第34章 surround ■ 【番外編】
夏油はポカンとした表情になる。
「つ、伝わらない?意味わかんなかった?とにかくげ」
「ははは。分かったよ。でもレイには…そういう私でいてほしいって言われてるんだ。今回のことだって、君を助けたいの一点張りでね。驚いただろう?」
真美は気まずそうに眉をひそめながら頷いた。
「レイは悪者やズルい奴には容赦ないのさ。普段は温厚なのに、私も今日は驚いたよ。あんなに口悪くなるなんてな。しかも自分で言っておきながら手が早いし…ははっ。なのにこないだは自分のことをズルい女だなんて言っていたけど…」
真美は思った。
一番悪者で、一番ズルい奴はこの私だ。
夏油くんのことがずっと好きで、でもずっと自分のものにはならなくて、彼はいつも皆に優しくて親切で…
少しでも私の方に振り向いてほしくてあれこれアクションを起こすんだけど、天然なのかなんなのか…朗らかにかわされてしまう。

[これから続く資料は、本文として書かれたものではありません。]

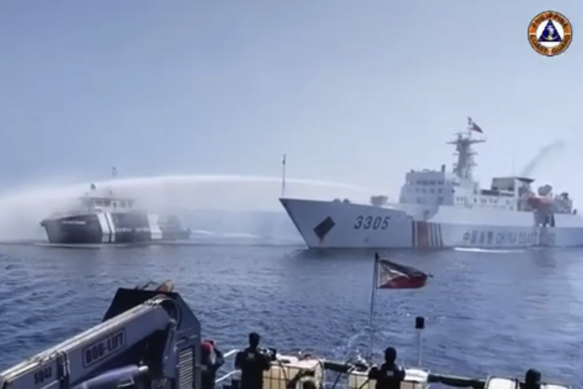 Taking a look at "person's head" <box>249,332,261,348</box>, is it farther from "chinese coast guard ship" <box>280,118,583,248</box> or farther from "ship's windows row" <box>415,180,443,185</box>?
"ship's windows row" <box>415,180,443,185</box>

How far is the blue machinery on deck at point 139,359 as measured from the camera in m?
5.55

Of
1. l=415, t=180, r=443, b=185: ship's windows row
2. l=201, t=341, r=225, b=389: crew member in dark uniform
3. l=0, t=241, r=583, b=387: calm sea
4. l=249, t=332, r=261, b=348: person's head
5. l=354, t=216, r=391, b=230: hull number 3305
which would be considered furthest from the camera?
l=415, t=180, r=443, b=185: ship's windows row

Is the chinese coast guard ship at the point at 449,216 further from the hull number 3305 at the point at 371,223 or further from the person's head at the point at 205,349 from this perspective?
the person's head at the point at 205,349

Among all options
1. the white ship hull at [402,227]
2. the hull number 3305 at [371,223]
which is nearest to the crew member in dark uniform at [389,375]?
the white ship hull at [402,227]

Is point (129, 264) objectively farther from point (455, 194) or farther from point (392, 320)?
point (455, 194)

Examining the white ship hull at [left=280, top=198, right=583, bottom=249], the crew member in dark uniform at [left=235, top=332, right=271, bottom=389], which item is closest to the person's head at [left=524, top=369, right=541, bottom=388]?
the crew member in dark uniform at [left=235, top=332, right=271, bottom=389]

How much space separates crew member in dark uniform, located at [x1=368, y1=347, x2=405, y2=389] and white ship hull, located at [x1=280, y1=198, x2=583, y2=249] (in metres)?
68.9

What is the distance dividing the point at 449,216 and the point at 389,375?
84.0 meters

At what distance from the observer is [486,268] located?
213 feet

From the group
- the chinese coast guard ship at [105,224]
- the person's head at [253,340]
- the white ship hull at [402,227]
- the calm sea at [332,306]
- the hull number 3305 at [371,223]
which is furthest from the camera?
the chinese coast guard ship at [105,224]

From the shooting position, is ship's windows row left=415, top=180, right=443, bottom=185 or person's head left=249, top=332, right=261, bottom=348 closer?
person's head left=249, top=332, right=261, bottom=348

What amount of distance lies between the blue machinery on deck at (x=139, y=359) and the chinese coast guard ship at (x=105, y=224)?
271 ft

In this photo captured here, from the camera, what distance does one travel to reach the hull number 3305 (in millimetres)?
79000

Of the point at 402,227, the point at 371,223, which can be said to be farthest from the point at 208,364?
the point at 402,227
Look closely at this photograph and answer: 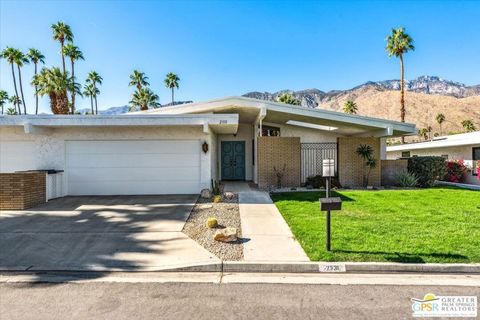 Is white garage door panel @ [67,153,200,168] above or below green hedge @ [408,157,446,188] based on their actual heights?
above

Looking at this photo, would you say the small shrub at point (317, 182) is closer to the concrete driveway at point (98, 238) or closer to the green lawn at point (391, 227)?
the green lawn at point (391, 227)

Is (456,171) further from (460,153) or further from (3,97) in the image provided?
(3,97)

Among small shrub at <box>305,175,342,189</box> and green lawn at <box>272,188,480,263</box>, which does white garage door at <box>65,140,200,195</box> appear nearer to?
green lawn at <box>272,188,480,263</box>

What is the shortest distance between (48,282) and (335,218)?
20.8 feet

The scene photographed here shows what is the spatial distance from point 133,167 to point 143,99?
34.2 meters

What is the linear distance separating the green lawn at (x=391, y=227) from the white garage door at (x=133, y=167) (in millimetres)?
4009

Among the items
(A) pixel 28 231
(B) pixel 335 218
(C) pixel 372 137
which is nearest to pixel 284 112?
(C) pixel 372 137

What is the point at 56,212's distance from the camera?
8398mm

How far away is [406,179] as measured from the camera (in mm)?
14031

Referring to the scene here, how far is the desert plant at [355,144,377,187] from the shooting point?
13357 mm

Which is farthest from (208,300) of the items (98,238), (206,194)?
(206,194)

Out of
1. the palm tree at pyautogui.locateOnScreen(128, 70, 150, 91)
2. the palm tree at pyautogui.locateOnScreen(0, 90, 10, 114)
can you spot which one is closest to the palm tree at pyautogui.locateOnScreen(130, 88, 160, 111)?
the palm tree at pyautogui.locateOnScreen(128, 70, 150, 91)

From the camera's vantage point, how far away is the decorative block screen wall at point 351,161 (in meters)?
13.7

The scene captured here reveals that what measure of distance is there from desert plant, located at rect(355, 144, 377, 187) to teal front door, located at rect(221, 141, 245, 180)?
6301 millimetres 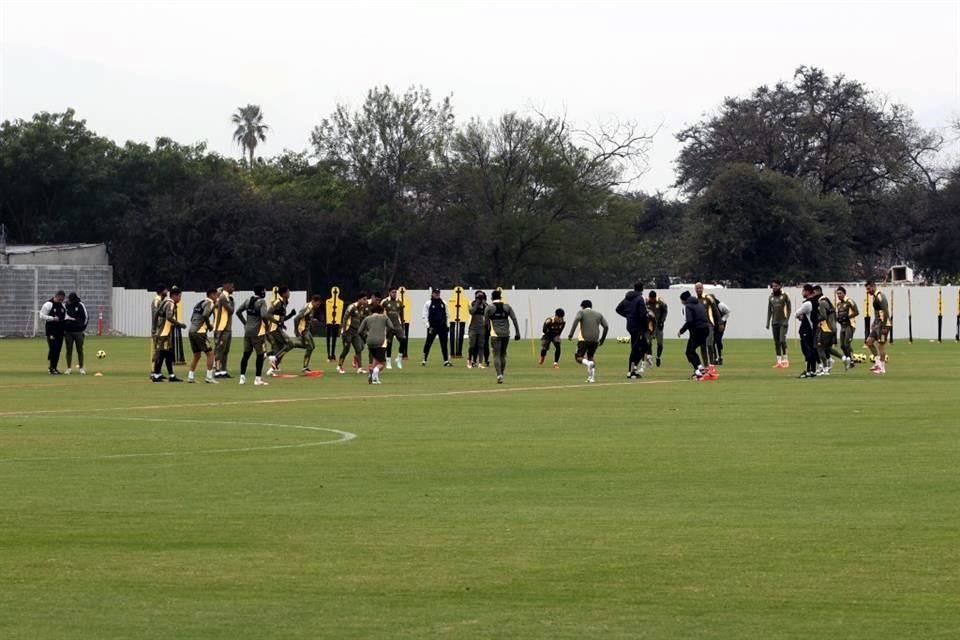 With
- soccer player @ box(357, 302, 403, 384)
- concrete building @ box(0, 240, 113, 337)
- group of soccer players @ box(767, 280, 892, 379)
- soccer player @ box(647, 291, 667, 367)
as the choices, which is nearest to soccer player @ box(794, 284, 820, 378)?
group of soccer players @ box(767, 280, 892, 379)

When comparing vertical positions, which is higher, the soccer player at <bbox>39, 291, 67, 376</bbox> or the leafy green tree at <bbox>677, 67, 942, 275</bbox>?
the leafy green tree at <bbox>677, 67, 942, 275</bbox>

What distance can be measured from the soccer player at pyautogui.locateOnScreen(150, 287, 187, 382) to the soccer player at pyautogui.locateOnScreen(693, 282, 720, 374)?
35.0 ft

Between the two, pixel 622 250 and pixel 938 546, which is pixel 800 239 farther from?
pixel 938 546

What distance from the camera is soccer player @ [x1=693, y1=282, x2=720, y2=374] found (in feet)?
120

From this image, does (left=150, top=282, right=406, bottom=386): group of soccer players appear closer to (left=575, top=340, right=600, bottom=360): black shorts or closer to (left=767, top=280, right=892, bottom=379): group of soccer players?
(left=575, top=340, right=600, bottom=360): black shorts

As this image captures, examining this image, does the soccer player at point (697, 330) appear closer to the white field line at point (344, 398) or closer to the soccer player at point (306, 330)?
the white field line at point (344, 398)

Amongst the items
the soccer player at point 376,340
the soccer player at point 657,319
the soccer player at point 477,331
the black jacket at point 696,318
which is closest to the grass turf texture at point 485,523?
the soccer player at point 376,340

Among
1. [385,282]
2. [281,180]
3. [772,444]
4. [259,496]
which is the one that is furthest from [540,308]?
[259,496]

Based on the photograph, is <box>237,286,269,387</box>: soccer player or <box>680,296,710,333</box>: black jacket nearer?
<box>237,286,269,387</box>: soccer player

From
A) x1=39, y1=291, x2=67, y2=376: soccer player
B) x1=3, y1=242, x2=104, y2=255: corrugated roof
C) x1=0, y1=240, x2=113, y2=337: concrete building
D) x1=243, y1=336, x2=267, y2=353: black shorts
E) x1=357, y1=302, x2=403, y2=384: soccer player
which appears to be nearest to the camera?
x1=243, y1=336, x2=267, y2=353: black shorts

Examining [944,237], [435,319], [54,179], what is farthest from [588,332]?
[944,237]

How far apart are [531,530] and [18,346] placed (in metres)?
52.6

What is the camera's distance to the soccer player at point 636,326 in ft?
120

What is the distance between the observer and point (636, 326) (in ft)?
120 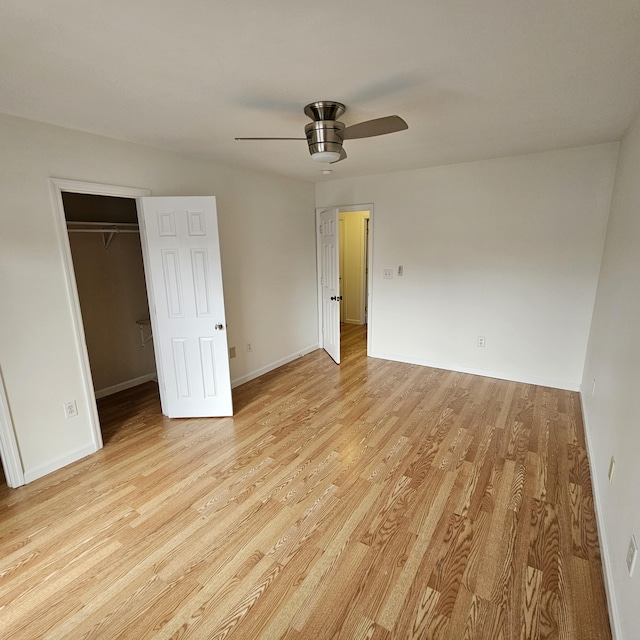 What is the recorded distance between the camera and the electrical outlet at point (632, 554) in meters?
1.31

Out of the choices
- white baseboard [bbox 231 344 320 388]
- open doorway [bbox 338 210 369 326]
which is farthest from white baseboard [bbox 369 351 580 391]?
open doorway [bbox 338 210 369 326]

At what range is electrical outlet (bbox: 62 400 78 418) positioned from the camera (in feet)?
8.40

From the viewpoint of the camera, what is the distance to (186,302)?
3027 mm

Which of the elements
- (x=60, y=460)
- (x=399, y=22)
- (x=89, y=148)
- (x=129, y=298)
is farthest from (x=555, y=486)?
(x=129, y=298)

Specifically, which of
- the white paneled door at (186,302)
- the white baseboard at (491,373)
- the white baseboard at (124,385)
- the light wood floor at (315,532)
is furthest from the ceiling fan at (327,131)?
the white baseboard at (124,385)

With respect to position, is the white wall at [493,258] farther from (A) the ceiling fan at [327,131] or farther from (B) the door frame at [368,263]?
(A) the ceiling fan at [327,131]

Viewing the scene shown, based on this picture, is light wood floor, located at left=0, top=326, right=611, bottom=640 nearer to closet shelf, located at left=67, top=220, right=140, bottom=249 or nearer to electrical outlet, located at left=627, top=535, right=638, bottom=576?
electrical outlet, located at left=627, top=535, right=638, bottom=576

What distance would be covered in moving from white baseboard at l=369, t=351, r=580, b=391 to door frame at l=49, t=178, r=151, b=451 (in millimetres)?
3263

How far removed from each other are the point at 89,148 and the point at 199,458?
2391 millimetres

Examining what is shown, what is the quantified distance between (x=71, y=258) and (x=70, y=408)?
1.11m

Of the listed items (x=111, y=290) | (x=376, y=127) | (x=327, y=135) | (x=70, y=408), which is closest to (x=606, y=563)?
(x=376, y=127)

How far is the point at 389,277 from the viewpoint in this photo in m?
4.46

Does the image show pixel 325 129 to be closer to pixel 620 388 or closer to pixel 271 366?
pixel 620 388

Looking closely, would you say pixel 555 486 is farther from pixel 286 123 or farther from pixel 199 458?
pixel 286 123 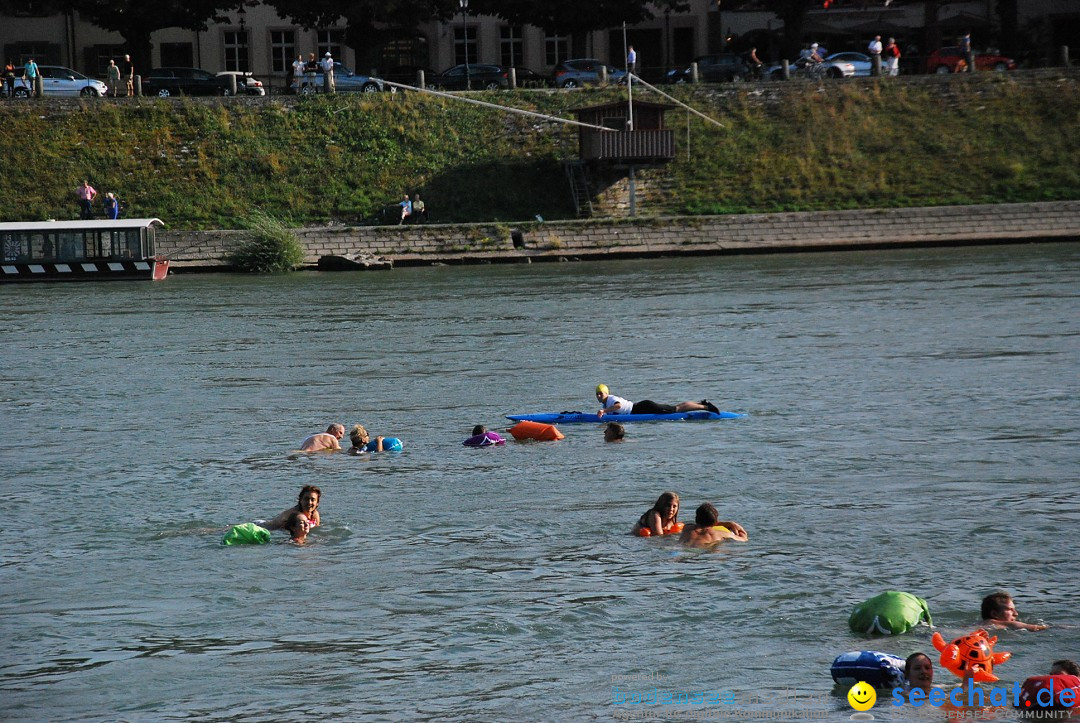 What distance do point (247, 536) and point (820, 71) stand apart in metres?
44.1

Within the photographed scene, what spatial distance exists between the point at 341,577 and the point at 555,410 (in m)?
8.42

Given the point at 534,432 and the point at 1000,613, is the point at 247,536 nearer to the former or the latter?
the point at 534,432

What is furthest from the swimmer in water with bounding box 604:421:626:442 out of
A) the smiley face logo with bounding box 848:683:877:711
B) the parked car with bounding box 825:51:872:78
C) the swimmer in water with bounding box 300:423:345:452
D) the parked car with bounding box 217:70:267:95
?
the parked car with bounding box 825:51:872:78

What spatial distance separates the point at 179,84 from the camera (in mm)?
54500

今回も、彼らを利用してただ夏油くんに構って欲しかっただけ。
これがきっかけでうまくいけば付き合えるかもなんて本気で思ってた。
でも…絶対に叶わないってわかった。
だって夏油くん、さっきからずっと彼女の方を見てる。
しかも…いつも夏油くんを見てきたはずの私が、1度も見たことがないような顔で…
愛しさ、慈しみ、恋慕、敬愛、そんな浅はかな言葉じゃ言い表せない。
そんな目は…他の誰にも向けたことがないよね。
「夏油くん、レイちゃんのこと、大好き?」
「っえ、…う、うん。」
夏油は突然の問に照れたように笑った。
「…愛してる?」
「ふ…もちろん。でも彼女は私には勿体ないくらいの子だから。その言葉は安易に伝えられないんだ…」
「は?何言ってるの?」
「真っ白な彼女を…私が黒く穢していってしまってる気がしてね…たまに申し訳なくなるんだよ…」
夏油は今までにないくらいに切なそうな笑みを浮かべた。
視線の先には、五条たちと満面の笑みで笑いあっているレイがいる。